Include all transitive dependencies of the extension project in the built JAR using either maven-shade-plugin or maven-assembly.

In addition, to avoid collisions, specify scope for the dependency alluxio-core-common as provided. The maven definition would look like:

  1. <dependencies>
  2. <!-- Core Alluxio dependencies -->
  3. <dependency>
  4. <groupId>org.alluxio</groupId>
  5. <artifactId>alluxio-core-common</artifactId>
  6. <scope>provided</scope>
  7. </dependency>
  8. ...
  9. </dependencies>

Test

Extend AbstractUnderFileSystemContractTest to test that the defined UnderFileSystem adheres to the contract between Alluxio and an under storage module. Look at the reference implementation to include parameters such as the working directory for the test.

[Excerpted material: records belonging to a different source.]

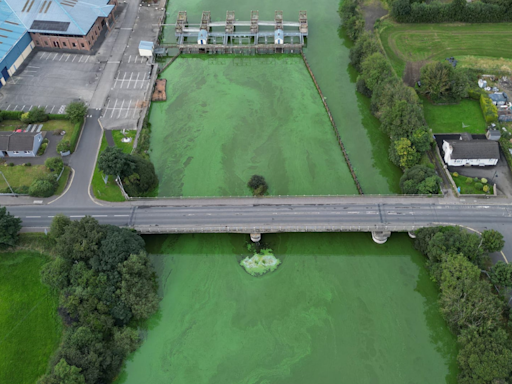What is blue-green algae and why is it a problem?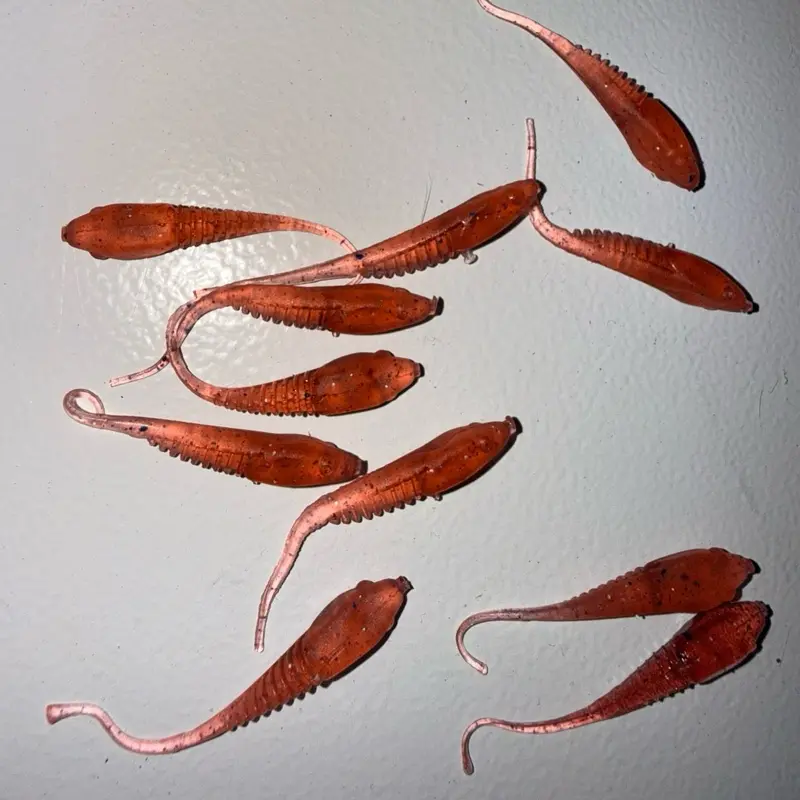 Crappie minnows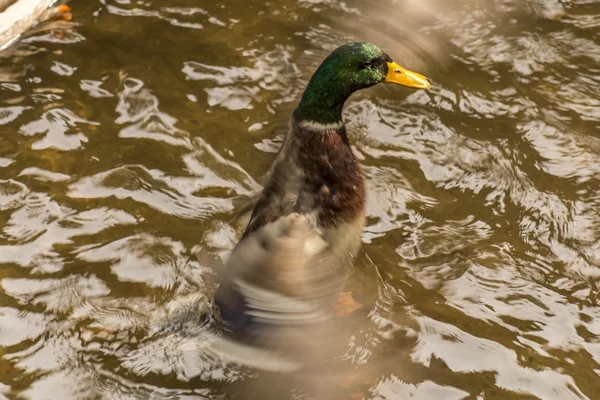 Kachna na jezeře — Stock fotografie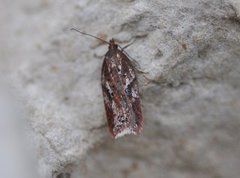 Kystflatvikler (Acleris hyemana)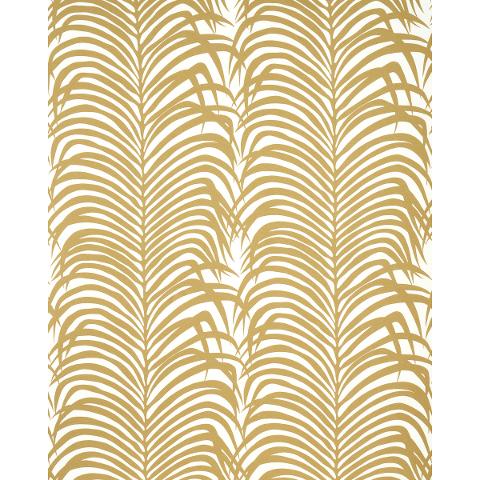 Zebra Palm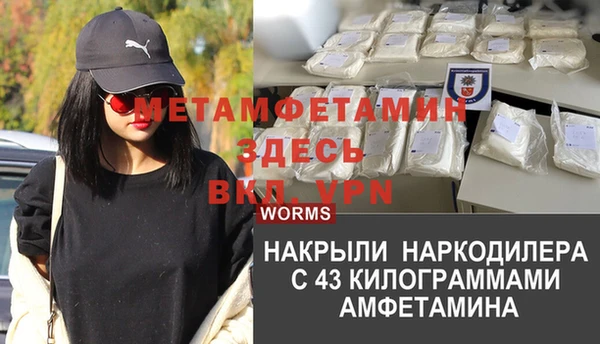 гидра Богородицк
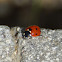 Seven spot Ladybug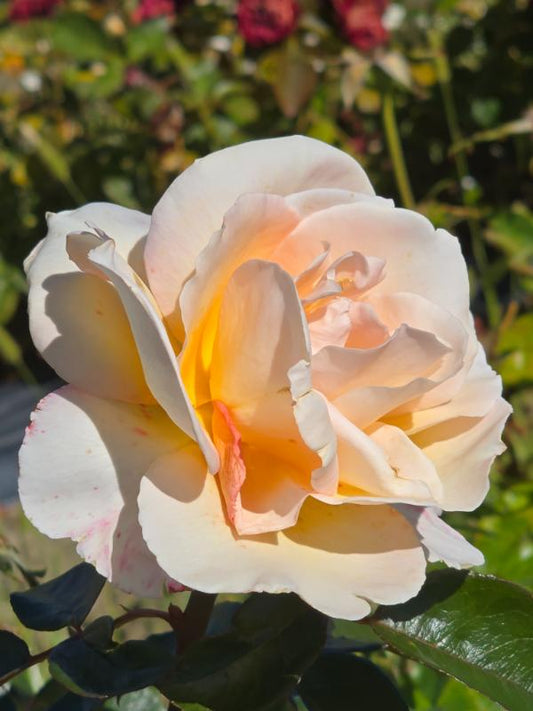 Hamilton Gardens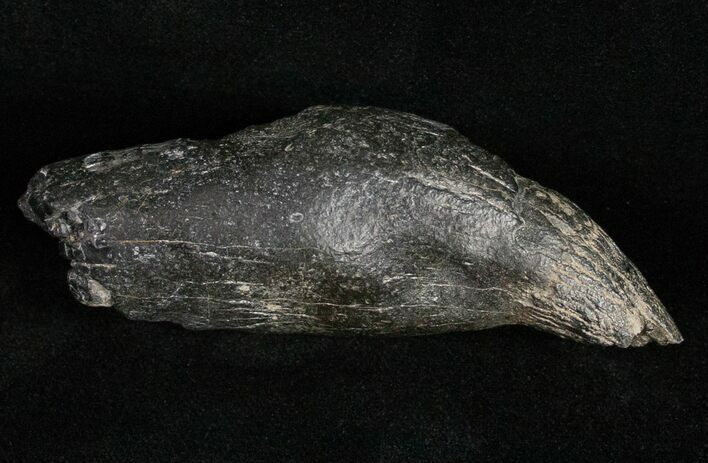 Bargain Fossil Sperm Whale Tooth - South Carolina #11984
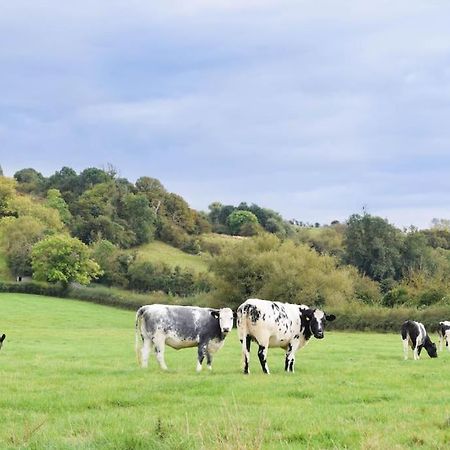 Piddington Nr Bicester Village 5 Star Luxury On Farm מראה חיצוני תמונה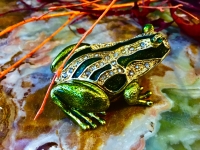 Pillendose Schmuckschatulle Frosch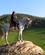 110 Ridepige På Den Hvide Hest Mugello Anne Vibeke Rejser PICT0039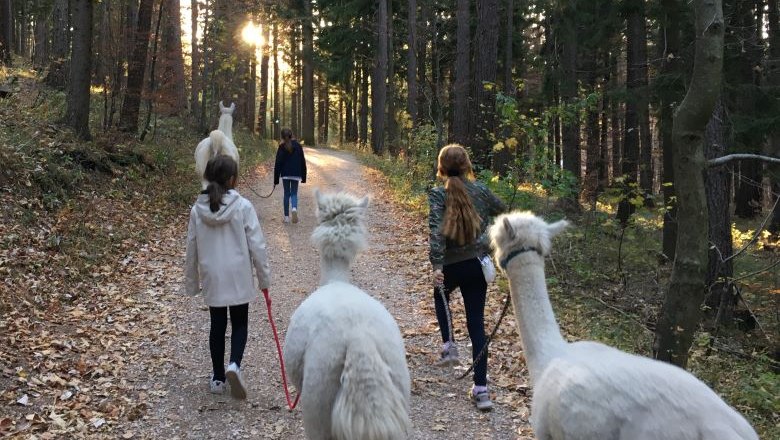 Lama und Alpaka, © Naturpark Hohe Wand 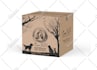 design professional product packaging, box and label design with 3d mockup
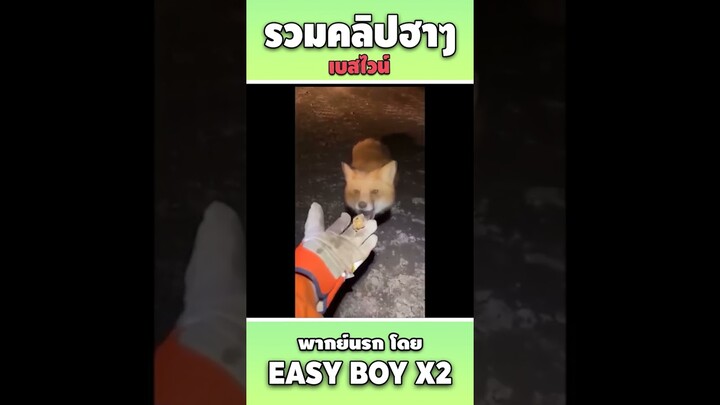 รวมคลิปฮา พากย์นรก #short #easyboy #คลิปฮา #เบสไวน์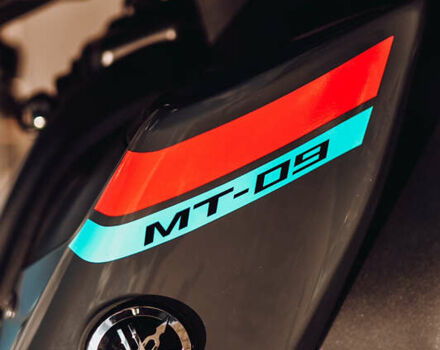 Ямаха MT-09, об'ємом двигуна 0.89 л та пробігом 25 тис. км за 10400 $, фото 18 на Automoto.ua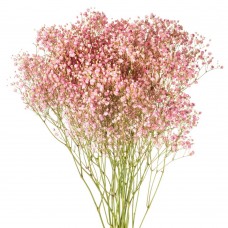 Pink Tinted Baby's Breath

  1. public final class DummyUnderFileSystemContractTest extends AbstractUnderFileSystemContractTest {
  2. ...
  3. }

How it Works

Service Discovery

Extension JARs are loaded dynamically at runtime by Alluxio servers, which enables Alluxio to talk to new under storage systems without requiring a restart. Alluxio servers use Java ServiceLoader to discover implementations of the under storage API. Providers include implementations of the alluxio.underfs.UnderFileSystemFactory interface. The implementation is advertised by including a text file in META_INF/services with a single line pointing to the class implementing the said interface.

Dependency Management

Implementors are required to include transitive dependencies in their extension JARs. Alluxio performs isolated classloading for each extension JARs to avoid dependency conflicts between Alluxio servers and extensions.

Contributing your Under Storage extension to Alluxio

Congratulations! You have developed a new under storage extension to Alluxio. Let the community know by submitting a pull request to the Alluxio repository to edit the list of extensions section on the documentation page.